→ **Task description**
Write out the following records exactly, each one in full.

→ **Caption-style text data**
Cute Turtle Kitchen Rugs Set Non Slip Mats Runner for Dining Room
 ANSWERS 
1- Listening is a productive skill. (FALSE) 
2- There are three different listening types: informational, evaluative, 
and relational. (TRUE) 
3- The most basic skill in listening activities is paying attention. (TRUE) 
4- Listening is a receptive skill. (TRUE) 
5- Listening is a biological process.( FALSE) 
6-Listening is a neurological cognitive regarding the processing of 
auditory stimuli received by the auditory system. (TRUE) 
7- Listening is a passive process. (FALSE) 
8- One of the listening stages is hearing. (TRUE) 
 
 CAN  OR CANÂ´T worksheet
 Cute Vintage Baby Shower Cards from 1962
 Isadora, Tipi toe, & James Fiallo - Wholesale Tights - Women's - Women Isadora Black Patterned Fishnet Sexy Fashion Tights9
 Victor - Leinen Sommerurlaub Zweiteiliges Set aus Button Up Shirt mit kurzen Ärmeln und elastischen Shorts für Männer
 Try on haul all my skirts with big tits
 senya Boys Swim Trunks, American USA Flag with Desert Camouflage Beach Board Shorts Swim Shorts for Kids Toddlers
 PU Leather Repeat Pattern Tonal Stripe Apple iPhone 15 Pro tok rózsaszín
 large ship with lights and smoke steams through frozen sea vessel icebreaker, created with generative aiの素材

→ **Written solution**
Cute Turtle Kitchen Rugs Set Non Slip Mats Runner for Dining Room
 ANSWERS 
1- Listening is a productive skill. (FALSE) 
2- There are three different listening types: informational, evaluative, 
and relational. (TRUE) 
3- The most basic skill in listening activities is paying attention. (TRUE) 
4- Listening is a receptive skill. (TRUE) 
5- Listening is a biological process.( FALSE) 
6-Listening is a neurological cognitive regarding the processing of 
auditory stimuli received by the auditory system. (TRUE) 
7- Listening is a passive process. (FALSE) 
8- One of the listening stages is hearing. (TRUE) 
 
 CAN  OR CANÂ´T worksheet
 Cute Vintage Baby Shower Cards from 1962
 Isadora, Tipi toe, & James Fiallo - Wholesale Tights - Women's - Women Isadora Black Patterned Fishnet Sexy Fashion Tights9
 Victor - Leinen Sommerurlaub Zweiteiliges Set aus Button Up Shirt mit kurzen Ärmeln und elastischen Shorts für Männer
 Try on haul all my skirts with big tits
 senya Boys Swim Trunks, American USA Flag with Desert Camouflage Beach Board Shorts Swim Shorts for Kids Toddlers
 PU Leather Repeat Pattern Tonal Stripe Apple iPhone 15 Pro tok rózsaszín
 large ship with lights and smoke steams through frozen sea vessel icebreaker, created with generative aiの素材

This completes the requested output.